EXERCISE: Using the listing below, print the line containing "Sac Lyra Mini - Blanc", the line containing "Suites Pour Orchestre", and each line between them, exactly and nothing else. Pictures stay out of the print.

SOURCE DATA:
########
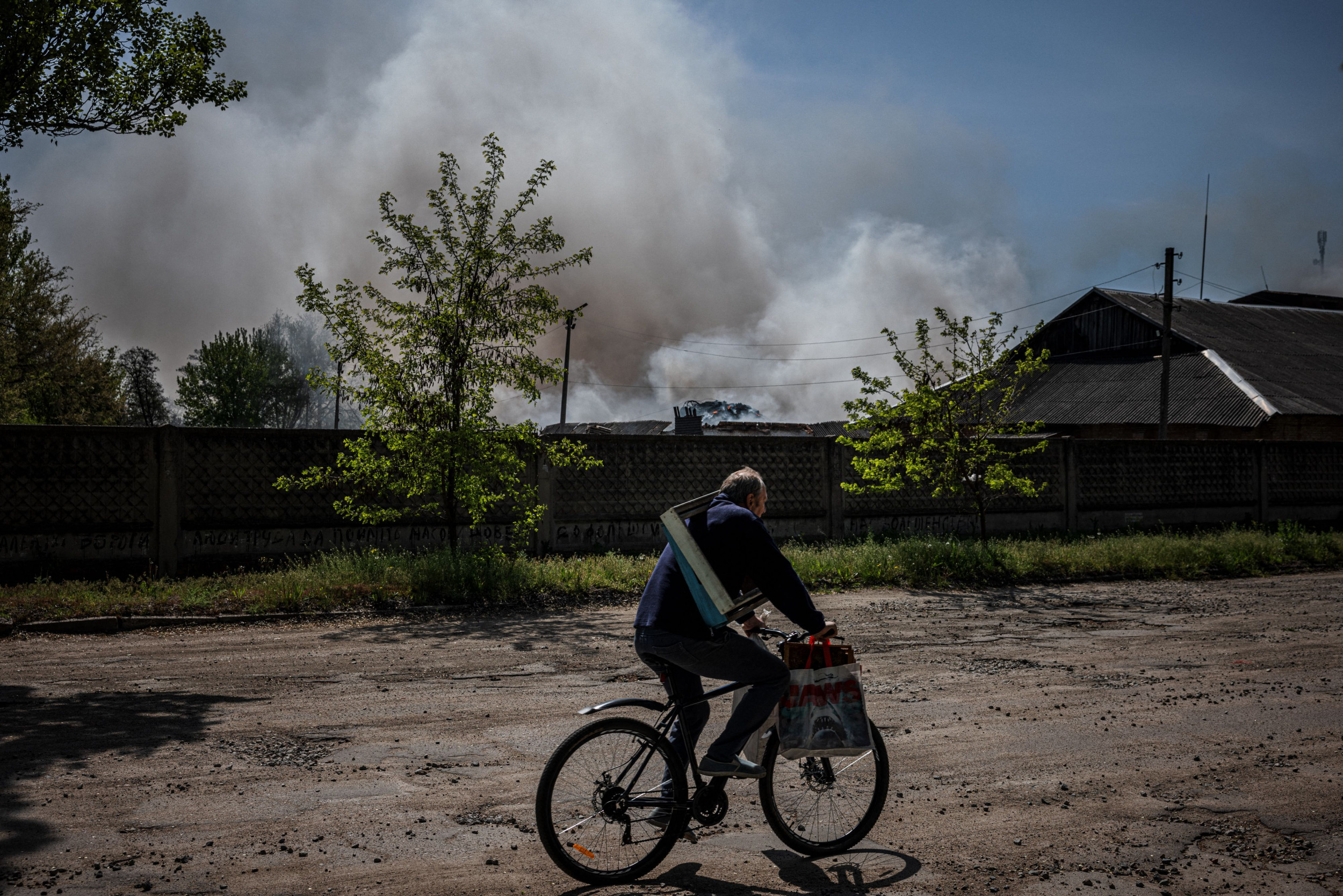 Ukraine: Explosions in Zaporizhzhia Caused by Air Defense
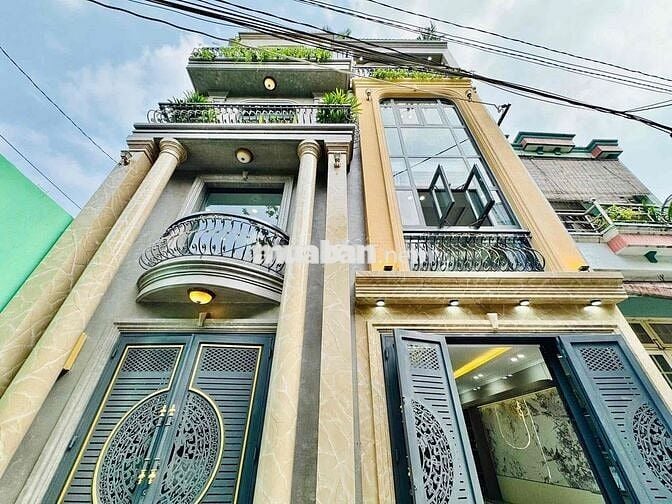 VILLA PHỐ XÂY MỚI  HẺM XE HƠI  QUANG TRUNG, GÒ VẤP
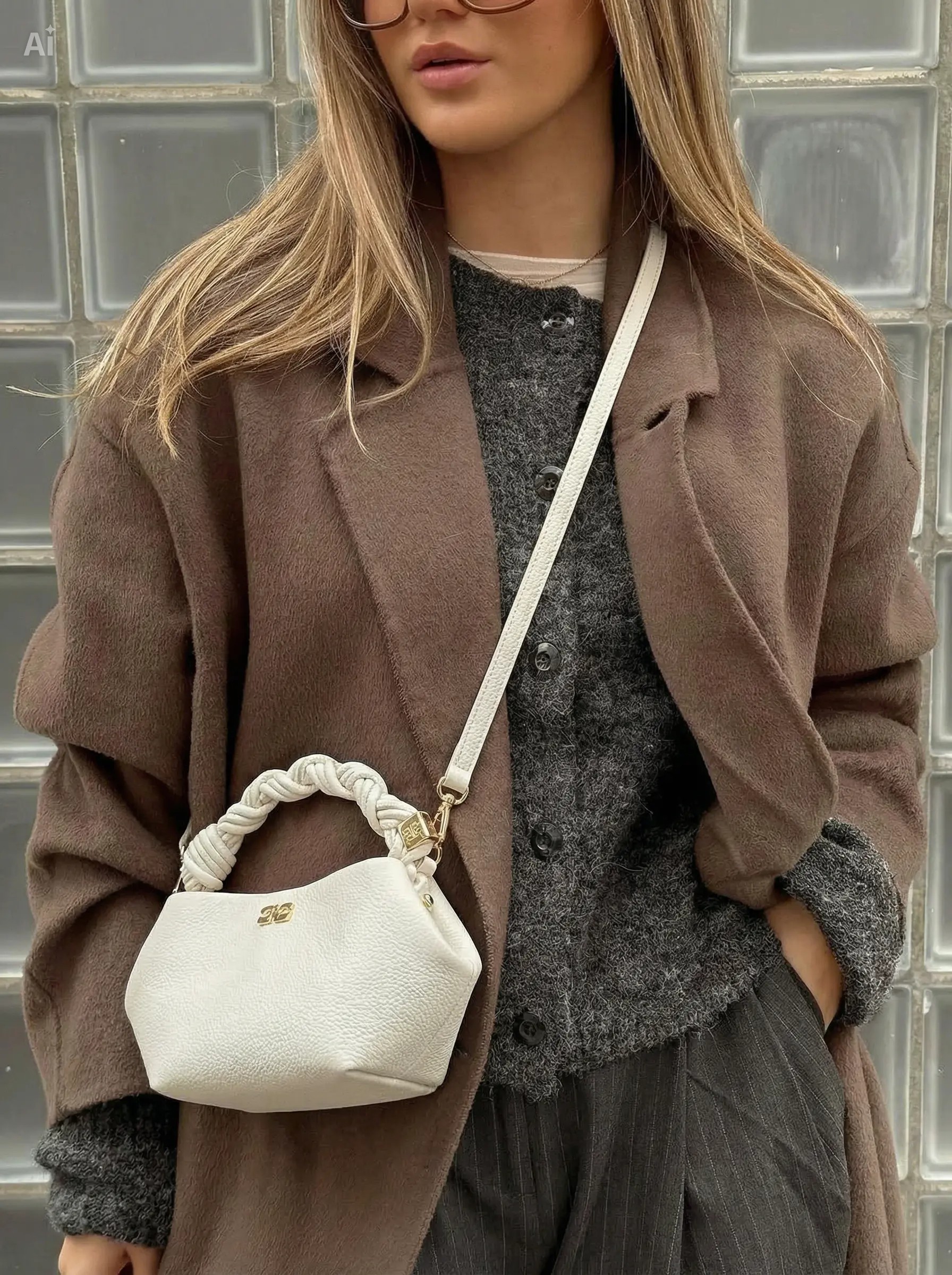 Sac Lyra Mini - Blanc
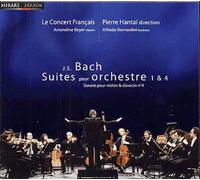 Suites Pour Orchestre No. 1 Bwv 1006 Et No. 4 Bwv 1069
########
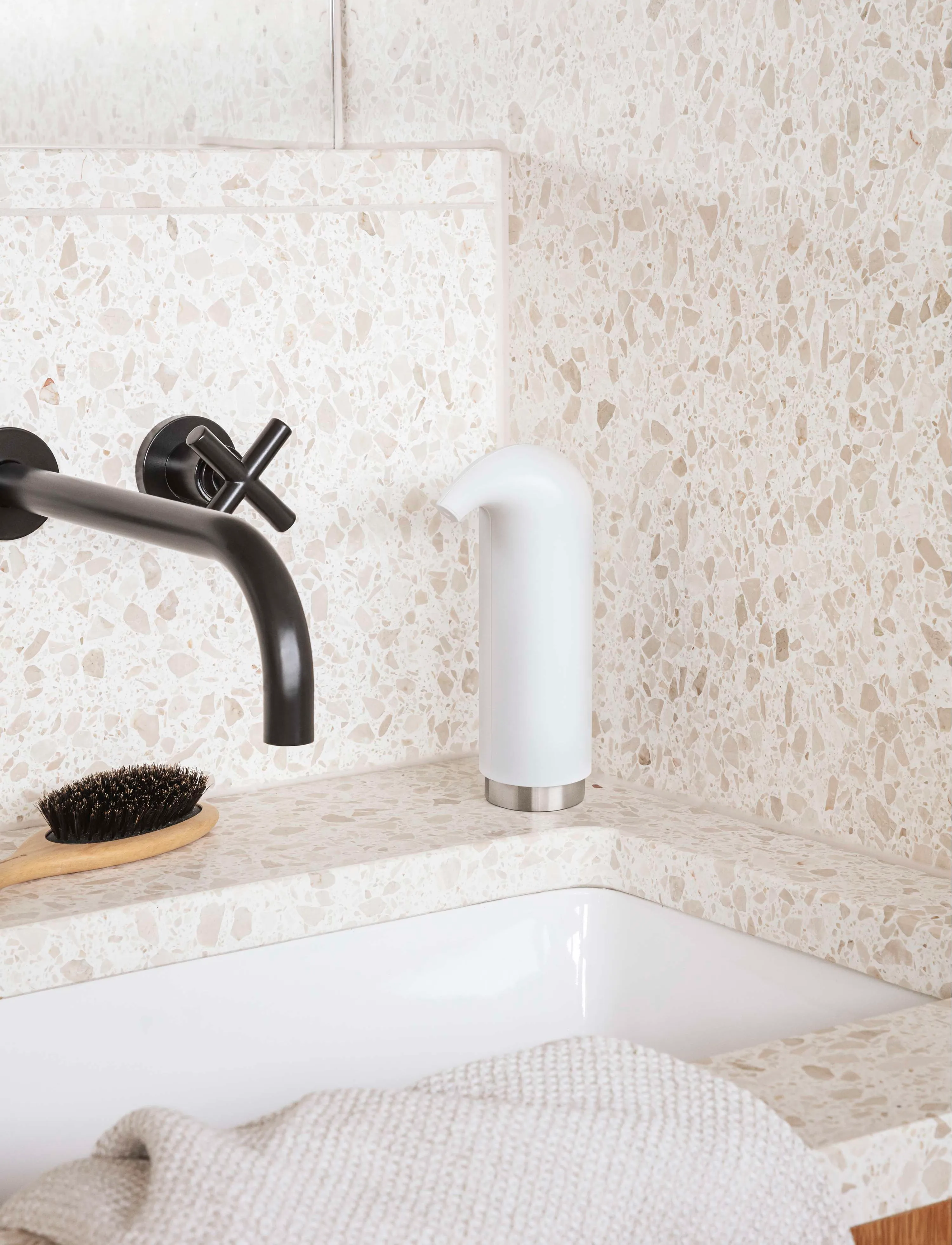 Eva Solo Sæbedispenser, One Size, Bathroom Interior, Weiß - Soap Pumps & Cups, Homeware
########
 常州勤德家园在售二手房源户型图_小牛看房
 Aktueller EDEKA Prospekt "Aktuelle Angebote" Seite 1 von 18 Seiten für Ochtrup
########
ANSWER FOR THE TASK:
 Sac Lyra Mini - Blanc
 Suites Pour Orchestre No. 1 Bwv 1006 Et No. 4 Bwv 1069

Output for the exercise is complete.